Der Satellit Rosat stürzt unkontrolliert zur Erde. Wo er herunterkommen wird und welchen Schaden er dabei anrichten wird, weiß niemand.  

Köln - Er wiegt 2426 Kilogramm und umkreist die Erde seit 21 Jahren. Doch für Rosat, den einst unerwartet erfolgreichen Forschungssatelliten, der unter deutscher Leitung entstanden und betrieben worden ist, geht die Zeit zu Ende - und das mit einem gewissen Risiko.
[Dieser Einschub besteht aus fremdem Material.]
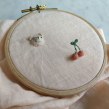 Bordado 3D. Embroider, Textile Illustration, and Children's Illustration project by Adriana Torres - 01.29.2018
Zwischen dem 20. und dem 25. Oktober wird er abstürzen, so die derzeitige Prognose des Deutschen Zentrums für Luft- und Raumfahrt (DLR) in Köln. Genaue Angaben über Ort und Zeit des Aufpralls wird es nicht geben, genauso wenig wie für den US-Satelliten UARS, der erst vor Kurzem, am 24. September, in den Pazifik gestürzt ist.

 

Rosat hat nach seinem Start mit einer amerikanischen Delta-Rakete am 1. Juni 1990 die Erde zunächst in rund 580 Kilometer Höhe umkreist. Doch auch in solcher Höhe gibt es einen geringen Luftwiderstand. Der Satellit wurde langsamer und verlor Höhe. Bis zum Februar 1999, als die Messgeräte zu funktionieren aufhörten, war er der Erde um 30 bis 40 Kilometer näher gekommen. Inzwischen liegt die Flughöhe zwischen 200 und 300 Kilometer. Wenn er abstürzt, wird nur der kleinere Teil verglühen. Rund 1,7 Tonnen, verteilt auf vermutlich 30 Trümmerstücke, werden vom Himmel fallen. Der größte Brocken könnte allein 1,6 Tonnen schwer sein.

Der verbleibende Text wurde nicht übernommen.